There is naturally not so much scope for the display of Jokai's peculiar
and delightful humour, in a novel of incident like the present tale as
there is in that fine novel of manners: "A Hungarian Nabob." Yet even in
"Szegeny Gazdagok," many of the minor characters (e.g., the parasite
Margari, the old miser Demetrius, the Hungarian Miggs, Clementina, the
frivolous Countess Kengyelesy), are not without a mild Dickensian
flavour, while in that rugged but good-natured and chivalrous Nimrod,
Mr. Gerzson, the Hungarian novelist has drawn to the life one of the
finest types we possess of the better sort of sporting Magyar squires.

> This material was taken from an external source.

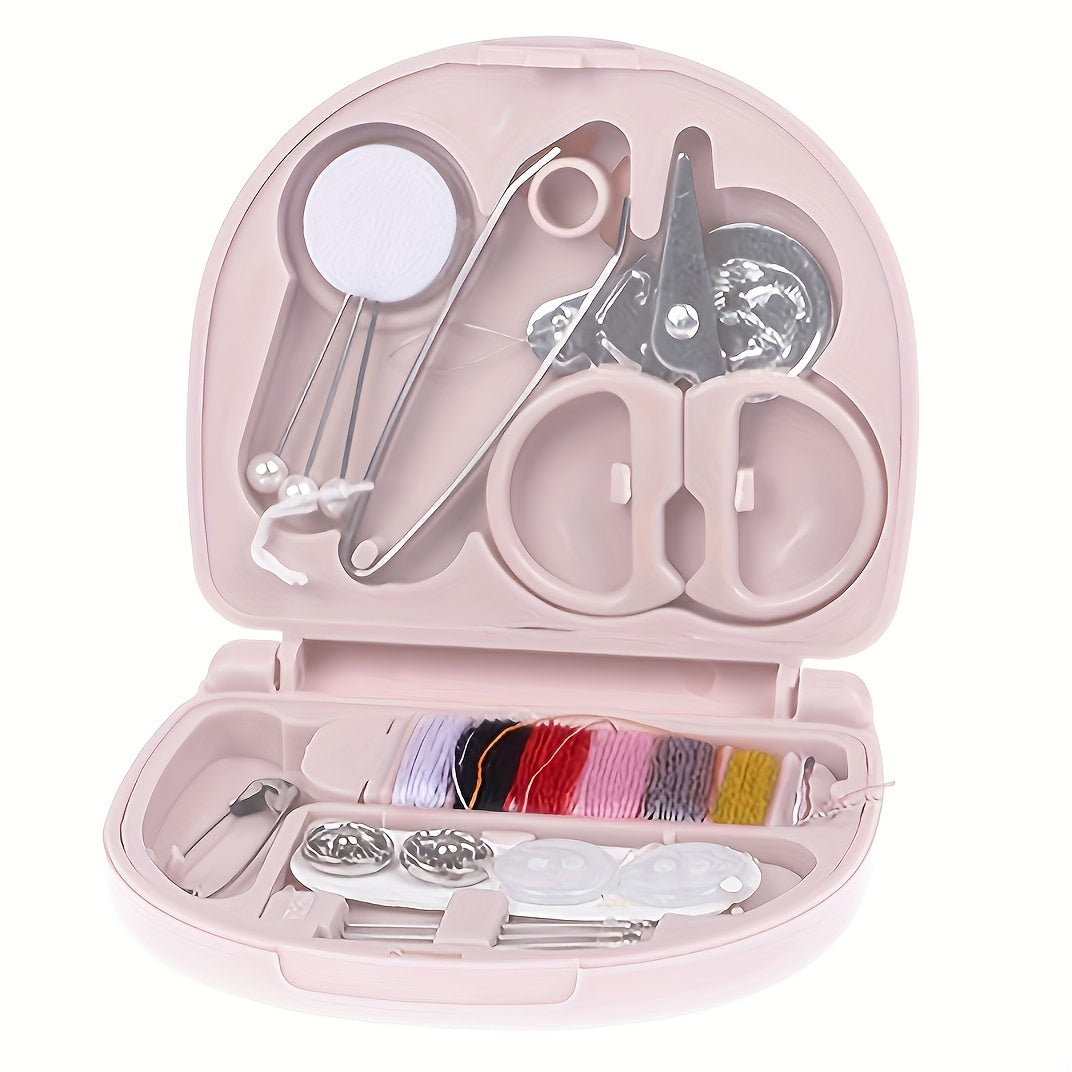 Compact Travel Sewing Kit - DIY Mini Sewing Supplies and Accessories, Pink Portable Sewing Box for Beginners and Travelers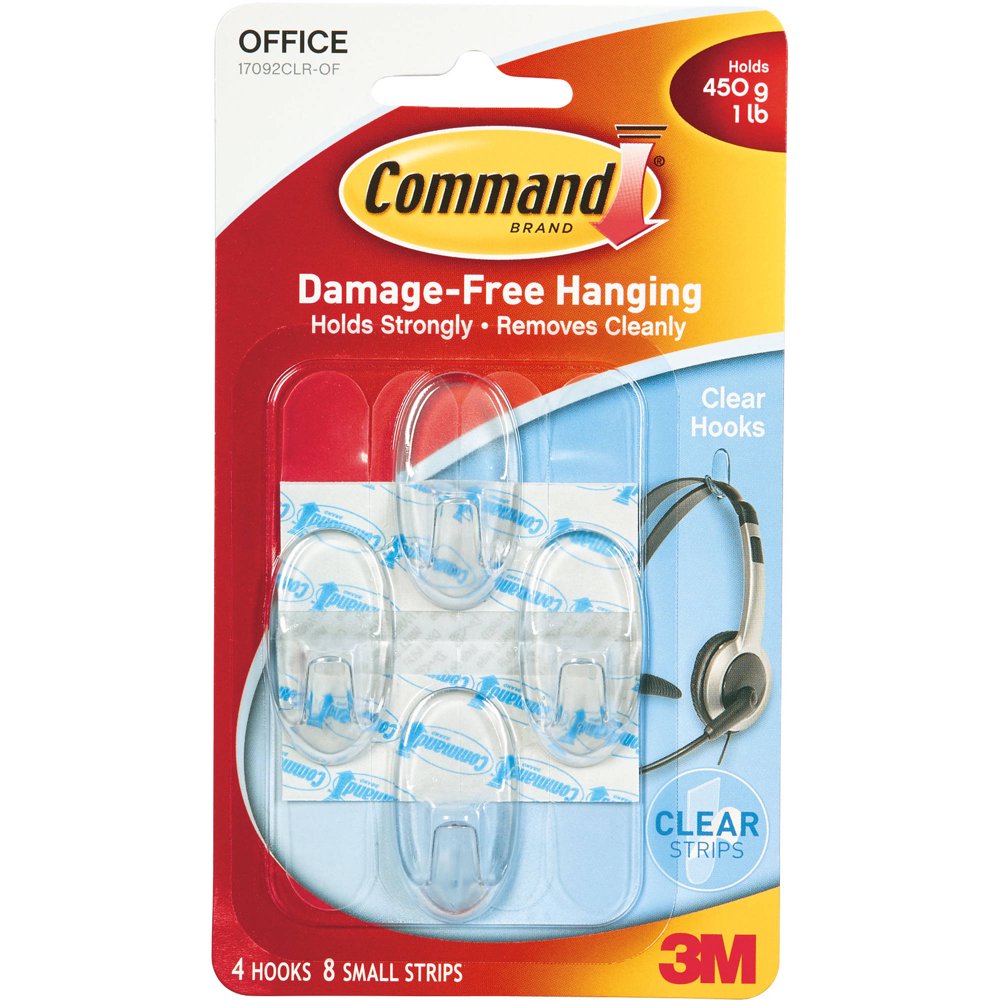 CommandHooks, Clear Small, 4 Hooks, 8 Strips/Pack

Finally, this fascinating story possesses in an eminent degree the charm
of freshness and novelty, a charm becoming rarer every year in these
globe-trotting days, when the ubiquitous tourist boasts that he has
been everywhere and seen everything. Yet it may well be doubted whether
even he has penetrated to the heart of the wild, romantic, sylvan
regions of the Wallachian and Transylvanian Alps, which is the theatre
of the exploits of that prince of robber chieftains, the mighty and
mysterious Fatia Negra, and the home of those picturesque Roumanian
peasants whom Jokai loves to depict and depicts so well.
R. NISBET BAIN.


Contents

CHAPTER
I. BOREDOM
II. A NEW MODE OF DUELLING
III. AN AMIABLE MAN
IV.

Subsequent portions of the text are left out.